飛行船という大きな物体を動かすには相応の大きな魔道具と大量の魔力が必要になる。よって飛んでいる間常に魔法を使い続けるのは不可能なので、旧来の飛行船に瞬間的な推力として魔道具を組み込んでいる仕組みらしい。
「とはいえガスも無限に採掘できる訳ではないでしょうし、将来的には飛行船そのものを浮かべる魔道具も開発されるかもしれませんね」
「なるほど」
資源不足は深刻だ。ガスが産出されなくなるのももしかしたらそう遠い未来では無いかもしれない。その時この国は一体どうなってしまうのだろうか。飛行場に駐機する大量の飛行船を眺めながらリーシャは暗澹たる気持ちになった。
「搭乗が始まったみたいだ」
アナウンスが流れて首都行きの飛行船へ客が流れていく。
「私達も行きましょうか」
「ああ」
たった数時間の空の旅に胸を躍らせながら二人は飛行船へ乗り込んだ。
* * *
飛行船は荒地を飛び立ち山を越える。雪が残る山岳地帯を眼下に望みながら束の間のランチタイムを楽しむリーシャの横でオスカーは落ち着かない様子だった。
「もうベルトを取っていいんですよ。オスカー」
「い、いや、なんだか落ち着かなくてな」
「もしかして、高い所が苦手なんですか?」
「……」
図星のようだ。
「高い所……というか、地面に足がついていないというのがなんだかな……」
ずっと地に足を着けた生活をしていたオスカーにとって「空に浮かんでいる」という状態は空恐ろしいことだった。激しく揺れはしないが風の影響を受けて微かに揺れる振動や、たまに訪れるふわふわとした浮遊感が気持ち悪い。自分の足元に何もないのだと思うと落ち着かないのだ。
「空の上でご飯を食べるなんて体験、そうそう無いですよ」
「う、うむ」
『冠の国』で運行する飛行船の「売り」は機内食である。自国で食糧を賄えない都合上飛行船を利用して周辺国から様々な食材を輸入しており、異国の食文化が混ざり合った独自の料理が発展しているのだ。
言うなれば「多国籍料理」であり、それを薄くスライスした木の板で作った弁当箱に詰めた機内食が飛行船の機内サービスの一つとして人気を博していた。

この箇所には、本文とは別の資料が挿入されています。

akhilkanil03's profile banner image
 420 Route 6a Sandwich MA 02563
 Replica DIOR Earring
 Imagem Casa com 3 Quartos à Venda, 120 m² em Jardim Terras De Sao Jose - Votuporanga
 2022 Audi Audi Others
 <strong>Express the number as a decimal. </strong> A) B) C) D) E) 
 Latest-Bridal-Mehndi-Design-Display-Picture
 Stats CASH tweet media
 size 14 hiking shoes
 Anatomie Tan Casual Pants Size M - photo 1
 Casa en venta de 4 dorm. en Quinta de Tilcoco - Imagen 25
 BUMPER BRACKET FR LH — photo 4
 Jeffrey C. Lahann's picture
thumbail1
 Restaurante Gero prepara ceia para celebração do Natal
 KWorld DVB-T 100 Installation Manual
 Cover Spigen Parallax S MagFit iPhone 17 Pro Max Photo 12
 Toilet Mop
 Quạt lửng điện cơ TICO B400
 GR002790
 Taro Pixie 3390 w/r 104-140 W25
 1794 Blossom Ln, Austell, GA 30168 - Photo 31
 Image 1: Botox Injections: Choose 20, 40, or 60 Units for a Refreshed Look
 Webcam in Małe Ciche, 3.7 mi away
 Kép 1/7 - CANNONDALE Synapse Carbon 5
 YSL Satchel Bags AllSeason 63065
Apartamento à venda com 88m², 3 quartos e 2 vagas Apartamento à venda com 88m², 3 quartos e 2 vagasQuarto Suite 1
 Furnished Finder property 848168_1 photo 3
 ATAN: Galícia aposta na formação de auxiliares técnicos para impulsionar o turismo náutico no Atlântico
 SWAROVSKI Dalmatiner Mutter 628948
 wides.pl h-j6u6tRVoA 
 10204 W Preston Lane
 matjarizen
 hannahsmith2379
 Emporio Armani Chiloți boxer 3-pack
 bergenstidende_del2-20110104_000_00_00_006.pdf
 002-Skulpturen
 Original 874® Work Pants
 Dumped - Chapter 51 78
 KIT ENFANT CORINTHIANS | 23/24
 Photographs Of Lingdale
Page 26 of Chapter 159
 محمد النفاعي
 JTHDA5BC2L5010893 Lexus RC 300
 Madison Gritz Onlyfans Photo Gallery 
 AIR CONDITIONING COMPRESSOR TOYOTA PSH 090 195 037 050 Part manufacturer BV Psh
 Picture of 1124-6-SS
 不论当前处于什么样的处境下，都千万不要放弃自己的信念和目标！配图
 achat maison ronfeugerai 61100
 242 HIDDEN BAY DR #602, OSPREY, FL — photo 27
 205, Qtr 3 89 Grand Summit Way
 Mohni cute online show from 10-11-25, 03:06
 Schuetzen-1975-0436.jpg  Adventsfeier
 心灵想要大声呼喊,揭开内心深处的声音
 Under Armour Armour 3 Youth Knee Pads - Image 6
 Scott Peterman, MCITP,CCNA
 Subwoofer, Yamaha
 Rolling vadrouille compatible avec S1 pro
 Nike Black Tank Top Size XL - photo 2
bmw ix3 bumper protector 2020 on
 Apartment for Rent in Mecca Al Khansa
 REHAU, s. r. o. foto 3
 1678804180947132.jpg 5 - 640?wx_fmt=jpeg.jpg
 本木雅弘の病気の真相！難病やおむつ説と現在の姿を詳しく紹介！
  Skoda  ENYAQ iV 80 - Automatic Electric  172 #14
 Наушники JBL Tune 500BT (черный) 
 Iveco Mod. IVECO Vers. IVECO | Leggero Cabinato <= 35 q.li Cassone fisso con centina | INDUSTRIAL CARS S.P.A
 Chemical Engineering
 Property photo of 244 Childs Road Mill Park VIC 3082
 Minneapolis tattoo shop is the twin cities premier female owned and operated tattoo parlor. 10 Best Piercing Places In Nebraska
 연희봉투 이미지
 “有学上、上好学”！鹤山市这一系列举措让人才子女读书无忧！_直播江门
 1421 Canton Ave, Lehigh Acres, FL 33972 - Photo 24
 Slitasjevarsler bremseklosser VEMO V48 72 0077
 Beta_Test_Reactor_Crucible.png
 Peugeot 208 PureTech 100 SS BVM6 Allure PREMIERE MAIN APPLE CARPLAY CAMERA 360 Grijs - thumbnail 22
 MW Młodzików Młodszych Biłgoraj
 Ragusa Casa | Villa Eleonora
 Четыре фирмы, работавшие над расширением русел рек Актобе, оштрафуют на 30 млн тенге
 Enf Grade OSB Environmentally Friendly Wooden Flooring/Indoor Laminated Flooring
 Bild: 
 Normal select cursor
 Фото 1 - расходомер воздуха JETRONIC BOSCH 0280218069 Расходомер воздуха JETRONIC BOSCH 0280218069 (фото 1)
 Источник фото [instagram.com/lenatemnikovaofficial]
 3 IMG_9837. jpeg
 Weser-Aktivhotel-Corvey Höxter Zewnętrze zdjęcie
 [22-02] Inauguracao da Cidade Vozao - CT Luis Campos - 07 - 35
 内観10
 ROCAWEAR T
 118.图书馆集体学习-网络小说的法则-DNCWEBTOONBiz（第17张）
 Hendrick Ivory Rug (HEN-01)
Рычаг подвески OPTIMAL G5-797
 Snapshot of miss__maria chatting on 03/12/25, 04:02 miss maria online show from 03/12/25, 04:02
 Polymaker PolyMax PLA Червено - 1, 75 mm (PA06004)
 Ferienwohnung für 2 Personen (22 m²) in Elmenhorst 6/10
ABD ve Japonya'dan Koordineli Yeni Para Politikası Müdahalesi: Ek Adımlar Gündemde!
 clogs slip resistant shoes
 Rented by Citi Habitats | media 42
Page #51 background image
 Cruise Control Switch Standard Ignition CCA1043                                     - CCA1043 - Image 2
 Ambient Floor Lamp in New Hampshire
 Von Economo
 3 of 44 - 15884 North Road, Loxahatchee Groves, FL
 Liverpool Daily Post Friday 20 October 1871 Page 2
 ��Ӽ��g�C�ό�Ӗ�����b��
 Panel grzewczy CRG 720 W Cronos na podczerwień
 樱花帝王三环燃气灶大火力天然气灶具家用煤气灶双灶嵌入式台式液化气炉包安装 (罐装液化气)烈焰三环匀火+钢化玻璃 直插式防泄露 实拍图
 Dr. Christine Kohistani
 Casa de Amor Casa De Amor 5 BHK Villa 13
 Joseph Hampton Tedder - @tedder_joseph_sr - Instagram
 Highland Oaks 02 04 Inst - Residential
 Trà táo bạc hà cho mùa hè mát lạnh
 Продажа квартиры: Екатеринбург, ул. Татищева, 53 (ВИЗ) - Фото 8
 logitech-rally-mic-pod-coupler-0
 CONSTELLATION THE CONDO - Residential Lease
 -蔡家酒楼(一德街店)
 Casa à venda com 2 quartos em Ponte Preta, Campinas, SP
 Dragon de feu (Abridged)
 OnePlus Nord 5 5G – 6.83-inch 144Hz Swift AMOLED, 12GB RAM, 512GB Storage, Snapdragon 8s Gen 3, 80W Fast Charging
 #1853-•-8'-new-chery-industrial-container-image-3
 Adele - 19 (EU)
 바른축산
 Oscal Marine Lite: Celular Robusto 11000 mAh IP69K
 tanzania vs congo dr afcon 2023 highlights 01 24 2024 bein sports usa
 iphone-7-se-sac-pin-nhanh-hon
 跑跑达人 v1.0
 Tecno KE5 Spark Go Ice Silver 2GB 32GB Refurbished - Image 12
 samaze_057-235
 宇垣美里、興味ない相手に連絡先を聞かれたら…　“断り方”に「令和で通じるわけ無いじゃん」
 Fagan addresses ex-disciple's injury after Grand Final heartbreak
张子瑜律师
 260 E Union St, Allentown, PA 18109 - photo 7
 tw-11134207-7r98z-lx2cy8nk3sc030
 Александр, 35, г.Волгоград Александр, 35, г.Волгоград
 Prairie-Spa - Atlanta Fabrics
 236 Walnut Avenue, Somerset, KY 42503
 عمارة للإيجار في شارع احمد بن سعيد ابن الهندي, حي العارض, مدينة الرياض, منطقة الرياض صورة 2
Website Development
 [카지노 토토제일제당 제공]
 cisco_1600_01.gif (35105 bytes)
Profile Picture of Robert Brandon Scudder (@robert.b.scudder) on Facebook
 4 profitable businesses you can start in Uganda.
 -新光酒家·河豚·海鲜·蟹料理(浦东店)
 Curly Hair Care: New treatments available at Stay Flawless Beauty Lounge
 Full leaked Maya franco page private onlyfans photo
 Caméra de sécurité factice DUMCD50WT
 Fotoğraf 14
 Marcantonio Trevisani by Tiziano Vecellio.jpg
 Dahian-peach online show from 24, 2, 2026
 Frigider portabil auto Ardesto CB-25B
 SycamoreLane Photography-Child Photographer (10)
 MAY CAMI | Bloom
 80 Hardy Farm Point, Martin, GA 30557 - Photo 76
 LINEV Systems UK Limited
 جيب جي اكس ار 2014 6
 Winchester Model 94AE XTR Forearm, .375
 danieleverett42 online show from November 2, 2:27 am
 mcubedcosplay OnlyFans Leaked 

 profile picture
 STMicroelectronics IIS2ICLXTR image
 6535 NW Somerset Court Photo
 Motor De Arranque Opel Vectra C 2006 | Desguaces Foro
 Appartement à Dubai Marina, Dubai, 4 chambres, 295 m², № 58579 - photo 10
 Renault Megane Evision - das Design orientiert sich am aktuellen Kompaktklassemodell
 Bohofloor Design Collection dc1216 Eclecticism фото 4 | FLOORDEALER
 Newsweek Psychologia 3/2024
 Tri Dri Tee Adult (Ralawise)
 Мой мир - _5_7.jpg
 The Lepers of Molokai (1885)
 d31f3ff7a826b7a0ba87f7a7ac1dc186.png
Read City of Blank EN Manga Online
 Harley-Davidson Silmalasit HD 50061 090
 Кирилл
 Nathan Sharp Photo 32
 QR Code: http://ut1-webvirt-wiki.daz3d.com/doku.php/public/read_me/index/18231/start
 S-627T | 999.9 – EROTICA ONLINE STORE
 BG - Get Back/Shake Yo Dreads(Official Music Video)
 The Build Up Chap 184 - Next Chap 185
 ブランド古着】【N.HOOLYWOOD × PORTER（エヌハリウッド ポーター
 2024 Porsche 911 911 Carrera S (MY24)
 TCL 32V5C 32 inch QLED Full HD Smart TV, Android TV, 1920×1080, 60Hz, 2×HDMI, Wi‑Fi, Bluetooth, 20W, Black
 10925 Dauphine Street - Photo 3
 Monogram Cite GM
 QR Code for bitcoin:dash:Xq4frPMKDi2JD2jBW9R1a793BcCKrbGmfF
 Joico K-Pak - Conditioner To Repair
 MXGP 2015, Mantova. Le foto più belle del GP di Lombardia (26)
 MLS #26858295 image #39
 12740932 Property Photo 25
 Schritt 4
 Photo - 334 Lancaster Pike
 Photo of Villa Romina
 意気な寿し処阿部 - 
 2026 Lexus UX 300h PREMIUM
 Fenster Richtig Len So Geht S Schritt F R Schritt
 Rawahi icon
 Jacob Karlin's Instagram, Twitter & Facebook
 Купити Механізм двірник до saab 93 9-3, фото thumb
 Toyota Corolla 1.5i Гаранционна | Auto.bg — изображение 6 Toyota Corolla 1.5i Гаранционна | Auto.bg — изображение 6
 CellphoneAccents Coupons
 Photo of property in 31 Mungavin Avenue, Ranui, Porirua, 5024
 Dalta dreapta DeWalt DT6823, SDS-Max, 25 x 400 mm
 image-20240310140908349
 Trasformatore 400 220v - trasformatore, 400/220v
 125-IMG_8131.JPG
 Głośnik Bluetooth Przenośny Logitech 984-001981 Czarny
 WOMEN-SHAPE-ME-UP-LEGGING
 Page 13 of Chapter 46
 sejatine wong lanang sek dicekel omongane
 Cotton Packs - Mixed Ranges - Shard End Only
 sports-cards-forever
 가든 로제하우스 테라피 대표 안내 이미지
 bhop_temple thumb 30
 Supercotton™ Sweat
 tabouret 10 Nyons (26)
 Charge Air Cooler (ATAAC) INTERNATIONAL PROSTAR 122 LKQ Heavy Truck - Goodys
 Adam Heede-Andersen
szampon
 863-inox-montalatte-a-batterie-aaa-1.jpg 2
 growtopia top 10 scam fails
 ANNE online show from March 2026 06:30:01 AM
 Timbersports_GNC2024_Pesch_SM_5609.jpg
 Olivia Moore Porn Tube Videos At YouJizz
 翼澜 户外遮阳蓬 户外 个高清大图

「北海サバの塩漬けご飯に鉱石キノコとジャガイモのバター炒め、地熱牛のミニステーキにデザートの鉱石チョコレート……」
リーシャは弁当についている品書きの紙を読み上げる。
「山に囲まれた内陸部……それも空の上で魚を食べることになるとは。これも以前食べた『地熱養殖』の魚なのだろうか」
「いえ。恐らくこれは天然物のサバでしょう」
「そうなのか? でも、こんな内地でどうやって魚を調達するんだ。港のある国までは随分離れているはずだが」
「ポイントはこの『塩漬け』でしょうね」
そう言うとリーシャは品書きに書かれた「塩漬け」という文字を指す。塩漬け。一見シンプルな調理法に見えるそれが一体どういう意味を持つのだろうか。
「『冠の国』は食糧のほとんどを外部からの輸入に頼っています。今は空輸ですぐに食材を運べますが、飛行船が生まれる前は一体どうしていたのでしょう」
「それは……陸路だろうな」
「そうです。これだけの山脈を超えて食材を運ぶにはかなりの日数がかかります。当然その間に食材はどんどん傷んでいく。足が速い海鮮物は特に傷むのも早かったはずです。そこで生まれたのが『塩漬け』……だったのではないでしょうか」
「なるほど。山国ならではの食文化という訳か」
「この魚の塩漬けをアレンジした料理が色々とあるみたいなので楽しみですね」
リーシャは収納鞄の中からガイドブックを取り出し「グルメ」のページを開いて見せる。既に行きたい店がいくつかあるようで付箋や書き込みがされていた。